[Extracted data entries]

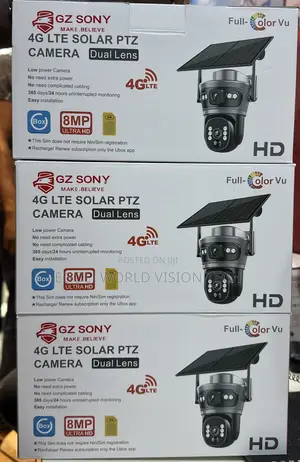 Dual Lense Solar Ptz Camera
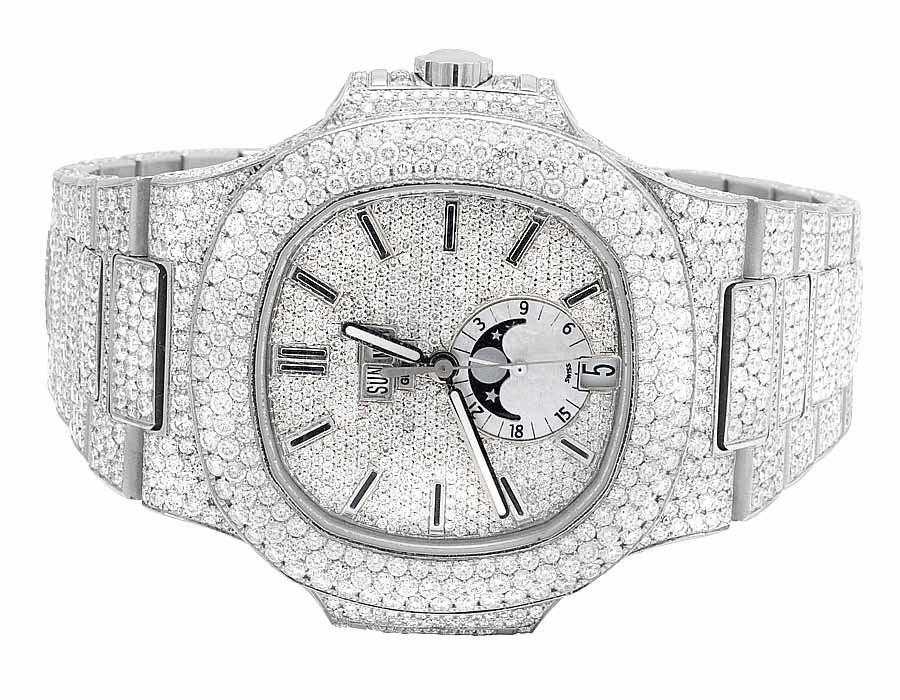 Patek Philippe Watch vvs moissanite diamond watch quartz watch for mens luxury watch for gift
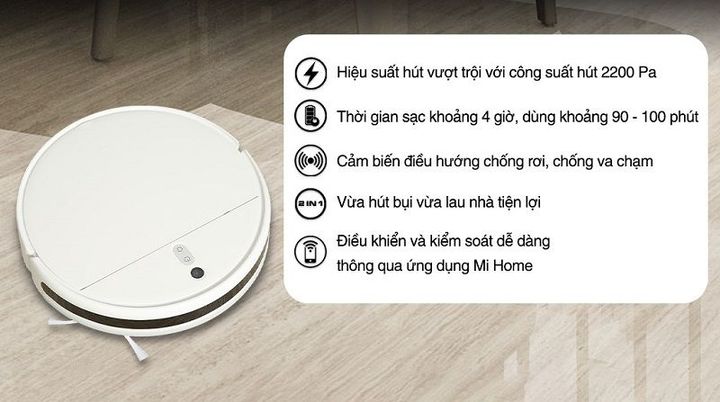 Robot hút bụi lau nhà Xiaomi Vacuum Mop 2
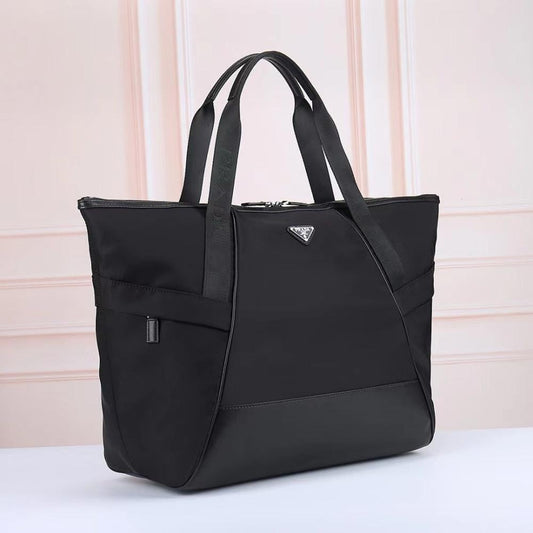 Modern Refined Nylon Top Handle Bag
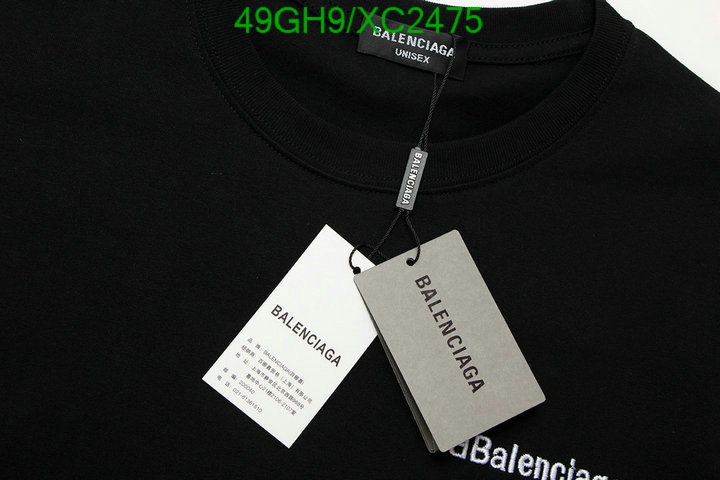 Clothing-Balenciaga, Code: XC2475,$: 49USD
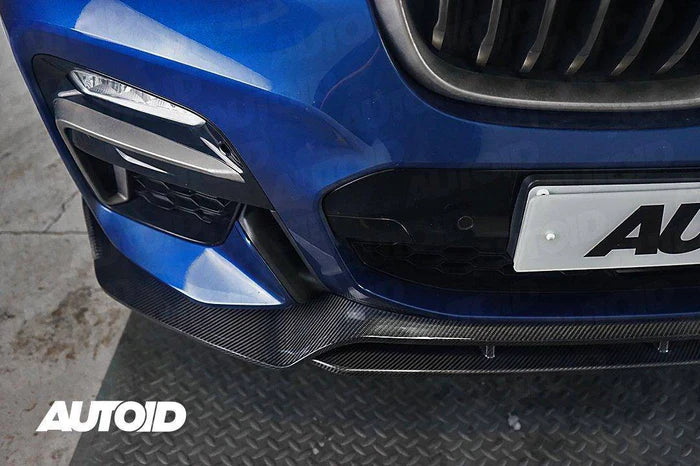 BMW X3 G01 & X4 G02 Pre-LCI Carbon Fibre Competition Front Splitter (2017-2021) - Reinhart Autohaus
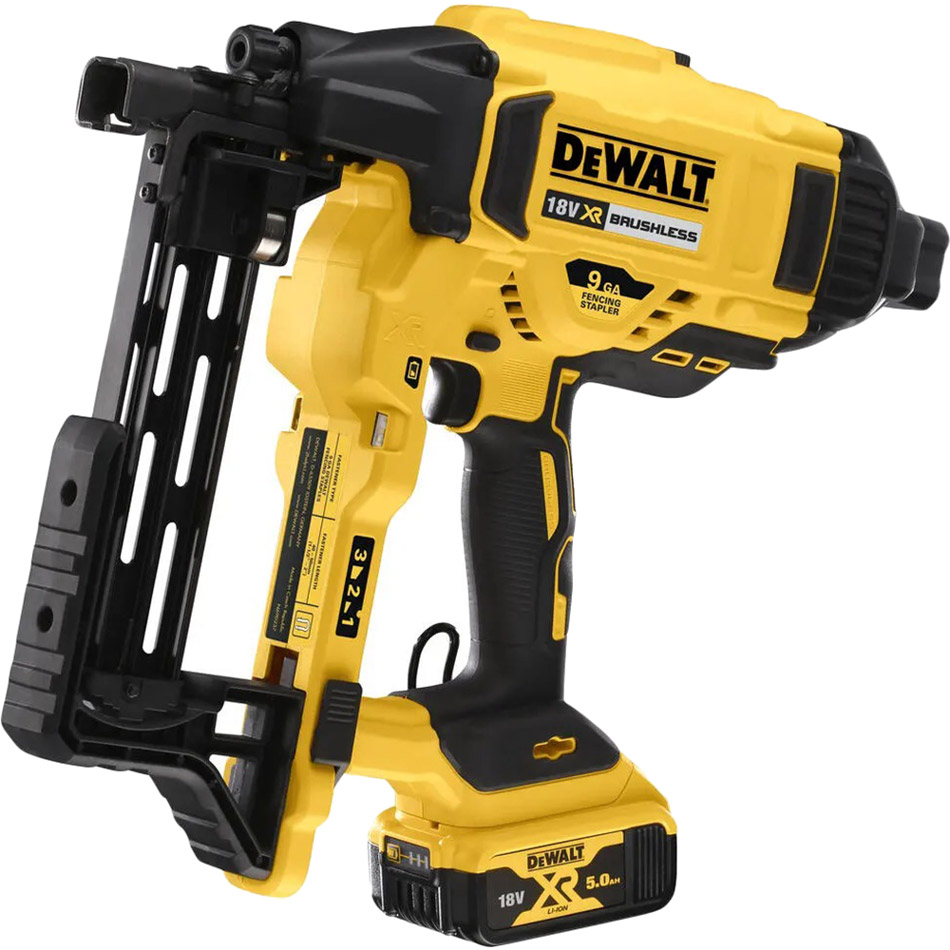 Скобозабиватель DEWALT 18В XR Li-Ion (DCFS950P2) Тип питания электрический (аккумуляторный)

**What needs to be done:**
Output exactly the lines from the line with "Clothing-Balenciaga, Code: XC2475,$: 49USD" to the last line of the records, including both, and leave every picture out.

**Answer area:**
 Clothing-Balenciaga, Code: XC2475,$: 49USD
 BMW X3 G01 & X4 G02 Pre-LCI Carbon Fibre Competition Front Splitter (2017-2021) - Reinhart Autohaus
 Скобозабиватель DEWALT 18В XR Li-Ion (DCFS950P2) Тип питания электрический (аккумуляторный)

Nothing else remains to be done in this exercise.